I’m a German. I’m suffering with Palestinian people, but also I love Israel.
I believe in you both !
Please let me know, when I can do anything for “Roots”.
“a confederation…joint administration of areas”. This is part of the political model of Judelman. I presume that this solution is to cover all of the territory called Palestine during the Mandate period and it shall deal with Palestinians and Israelis as equal under the law in all aspects of life. If this is the aim then I applaude Judelman.
Mr Gray,
One version of this confederation model is the 2 States 1 Homeland initiative, that’s starting make waves in the local media. Confederation offers a way to address the tremendous and perhaps insurmountable problems that the 2 state model creates. Check their web-site. I’m not sure that it’s the best plan- but its an alternative worth considering.
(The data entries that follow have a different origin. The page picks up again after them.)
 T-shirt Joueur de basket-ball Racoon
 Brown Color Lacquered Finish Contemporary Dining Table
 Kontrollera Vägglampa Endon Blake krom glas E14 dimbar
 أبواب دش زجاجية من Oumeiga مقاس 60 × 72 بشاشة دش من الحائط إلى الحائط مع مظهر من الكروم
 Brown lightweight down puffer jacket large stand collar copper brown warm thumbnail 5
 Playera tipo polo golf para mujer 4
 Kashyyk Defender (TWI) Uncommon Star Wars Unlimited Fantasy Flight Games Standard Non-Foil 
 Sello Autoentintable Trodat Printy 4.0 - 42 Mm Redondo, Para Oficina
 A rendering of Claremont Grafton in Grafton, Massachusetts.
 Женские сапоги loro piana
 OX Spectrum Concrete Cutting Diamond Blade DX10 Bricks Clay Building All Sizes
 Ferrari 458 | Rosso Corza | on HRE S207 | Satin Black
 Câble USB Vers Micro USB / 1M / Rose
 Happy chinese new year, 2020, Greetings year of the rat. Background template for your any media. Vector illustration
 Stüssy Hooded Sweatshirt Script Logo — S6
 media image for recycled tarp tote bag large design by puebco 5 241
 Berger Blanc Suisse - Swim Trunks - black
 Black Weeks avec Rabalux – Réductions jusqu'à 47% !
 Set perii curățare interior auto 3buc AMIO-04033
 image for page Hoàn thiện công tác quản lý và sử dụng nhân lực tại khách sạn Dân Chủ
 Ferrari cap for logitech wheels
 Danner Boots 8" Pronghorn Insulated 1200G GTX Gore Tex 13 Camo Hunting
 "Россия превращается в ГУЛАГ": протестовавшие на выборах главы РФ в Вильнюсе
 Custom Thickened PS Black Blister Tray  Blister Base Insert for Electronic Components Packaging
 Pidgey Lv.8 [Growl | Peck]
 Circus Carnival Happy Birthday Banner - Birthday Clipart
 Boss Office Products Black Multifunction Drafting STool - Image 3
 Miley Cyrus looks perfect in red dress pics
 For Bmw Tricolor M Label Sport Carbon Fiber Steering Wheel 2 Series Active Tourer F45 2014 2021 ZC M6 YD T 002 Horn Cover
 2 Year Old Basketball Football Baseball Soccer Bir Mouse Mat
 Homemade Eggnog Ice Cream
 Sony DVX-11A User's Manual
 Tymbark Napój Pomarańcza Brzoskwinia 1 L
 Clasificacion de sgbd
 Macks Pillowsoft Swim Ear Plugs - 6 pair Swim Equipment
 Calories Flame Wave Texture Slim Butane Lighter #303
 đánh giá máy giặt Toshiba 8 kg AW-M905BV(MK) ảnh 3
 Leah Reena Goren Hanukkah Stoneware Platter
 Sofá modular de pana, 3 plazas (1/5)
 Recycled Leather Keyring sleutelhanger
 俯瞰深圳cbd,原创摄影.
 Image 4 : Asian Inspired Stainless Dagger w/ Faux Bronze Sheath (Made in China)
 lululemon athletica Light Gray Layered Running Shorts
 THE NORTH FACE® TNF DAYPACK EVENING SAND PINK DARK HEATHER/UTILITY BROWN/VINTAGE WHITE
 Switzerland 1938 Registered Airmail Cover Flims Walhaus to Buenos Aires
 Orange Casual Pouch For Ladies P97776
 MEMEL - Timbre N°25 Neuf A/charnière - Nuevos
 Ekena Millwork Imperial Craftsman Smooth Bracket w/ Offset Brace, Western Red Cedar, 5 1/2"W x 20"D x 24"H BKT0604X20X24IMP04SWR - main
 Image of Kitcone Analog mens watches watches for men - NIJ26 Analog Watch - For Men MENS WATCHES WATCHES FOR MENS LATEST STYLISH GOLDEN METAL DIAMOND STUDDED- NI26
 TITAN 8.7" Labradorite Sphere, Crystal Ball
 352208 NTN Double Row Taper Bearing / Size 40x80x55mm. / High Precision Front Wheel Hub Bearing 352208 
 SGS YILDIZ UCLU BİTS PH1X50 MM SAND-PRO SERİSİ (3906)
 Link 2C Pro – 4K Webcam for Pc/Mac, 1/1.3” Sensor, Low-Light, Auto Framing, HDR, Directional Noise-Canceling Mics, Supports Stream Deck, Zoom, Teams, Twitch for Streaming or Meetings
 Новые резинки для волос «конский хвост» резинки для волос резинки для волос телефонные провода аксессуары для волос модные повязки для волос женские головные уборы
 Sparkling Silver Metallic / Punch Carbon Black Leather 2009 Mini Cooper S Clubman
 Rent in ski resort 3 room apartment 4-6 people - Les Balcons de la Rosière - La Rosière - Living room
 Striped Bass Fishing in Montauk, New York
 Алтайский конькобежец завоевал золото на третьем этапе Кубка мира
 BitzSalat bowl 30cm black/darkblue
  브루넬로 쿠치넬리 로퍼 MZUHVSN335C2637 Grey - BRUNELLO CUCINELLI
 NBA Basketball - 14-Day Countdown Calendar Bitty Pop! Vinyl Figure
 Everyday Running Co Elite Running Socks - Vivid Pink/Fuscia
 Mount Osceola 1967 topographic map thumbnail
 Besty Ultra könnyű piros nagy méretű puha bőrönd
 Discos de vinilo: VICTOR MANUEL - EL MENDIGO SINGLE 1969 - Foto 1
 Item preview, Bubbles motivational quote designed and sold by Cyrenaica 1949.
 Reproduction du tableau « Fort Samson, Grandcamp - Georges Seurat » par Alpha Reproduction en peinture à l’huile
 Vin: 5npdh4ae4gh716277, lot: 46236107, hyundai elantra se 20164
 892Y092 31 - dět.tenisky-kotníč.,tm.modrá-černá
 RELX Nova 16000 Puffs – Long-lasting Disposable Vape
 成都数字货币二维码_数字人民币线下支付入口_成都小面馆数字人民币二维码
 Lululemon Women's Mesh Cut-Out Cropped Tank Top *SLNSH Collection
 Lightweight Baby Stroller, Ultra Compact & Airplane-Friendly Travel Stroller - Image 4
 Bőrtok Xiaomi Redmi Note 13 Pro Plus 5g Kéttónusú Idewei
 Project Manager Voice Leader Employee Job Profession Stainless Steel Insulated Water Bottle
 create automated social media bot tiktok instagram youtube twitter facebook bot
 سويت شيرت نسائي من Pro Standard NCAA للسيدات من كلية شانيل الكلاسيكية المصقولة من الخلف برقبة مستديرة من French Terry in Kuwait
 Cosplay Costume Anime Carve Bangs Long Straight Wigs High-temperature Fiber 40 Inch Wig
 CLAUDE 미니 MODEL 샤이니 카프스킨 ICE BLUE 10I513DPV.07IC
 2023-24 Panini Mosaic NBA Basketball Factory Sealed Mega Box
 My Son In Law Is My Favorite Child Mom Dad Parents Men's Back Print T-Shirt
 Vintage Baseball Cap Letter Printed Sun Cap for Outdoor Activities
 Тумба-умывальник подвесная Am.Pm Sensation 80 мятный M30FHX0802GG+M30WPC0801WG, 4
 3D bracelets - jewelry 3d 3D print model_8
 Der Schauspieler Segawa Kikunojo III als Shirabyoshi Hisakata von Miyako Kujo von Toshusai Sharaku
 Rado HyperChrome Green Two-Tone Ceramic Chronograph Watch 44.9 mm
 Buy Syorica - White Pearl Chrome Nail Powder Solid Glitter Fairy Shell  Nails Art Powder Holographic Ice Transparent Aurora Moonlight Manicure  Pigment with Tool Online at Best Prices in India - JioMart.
I’ll just point out- in the transcript, it quotes me calling Bat Ayin as a settlement (I dont’ remember if I actually said town or settlement- at a certain point you just kindof get over these semantic mines). I know that word has many political connotations. I’m ready to speak in the narratives of both peoples. But if people are under the illusion that the settlements are in the West Bank, try driving with a Palestinian past Tel Aviv and see if the word settlement doesn’t also apply there for him… And then try telling Jews that they don’t belong in Hevron…
Mr. Judelman.
Thank you for your reply and since receiving it I have been a couple of times to the ” 2 States one homeland” web page. I must admit I found the reading very interesting and although it has raised several questions, both political and legal, I will continue to research the idea(s). One of my main worries regards the status of Palestinians living in Israel and Jews living in Palestinian territory. I am in favour of equal rights in all societies , in all aspects of society and life etc. and wonder if this will be possible and accepted by both sides. It clashes against the fairly recent idea of insistence by Israel regarding recognition by the PA of a “Jewish state”.
However, as I said I will continue to visit the web page and look out for updates and developments. Once again, thank you and good luck in your endeavour.
Mr. Judelman asks his readers to focus on the existential situation of both peoples who claim the land as theirs and, I imagine, to respect each claim as a legitimate departure for dialogue. I think he is long overdue right. The efforts at discrediting and delegitimating the claims of each by the other in order to gain sympathy and political capital has not helped a whit in bringing both sides to the table for some serious negotiations but probably added to the fuel of violence. I would like to stay in touch with Fathom and hear more about the work of this organization
Your organization’s approach to the conflict and to the history is the only one that gives me hope. Thank you for your work, your courage, and your commitment.
(BTW this may seem trivial, but I thought you would like to know that the English expression is “peachy keen,” not “peachy clean” — which I must admit brought a smile to my face. It’s a very old expression, not used much anymore, but anyway in case it matters to you…)
Shaul Judelman. You are overthinking this problem with too many words. .Let me tell you, the Torah is very simple and true. We do not want to hear your oratory, on and on diatribe.. HaShem told MoShe what to write. B’H Us jews still believe in Torah despite what your mouth says.Thanks
I wish you had included contact information for Roots.
Shalom beit in our lifetime, B”H.
Shaul,
I’m honored to know you. Keep up your brave work.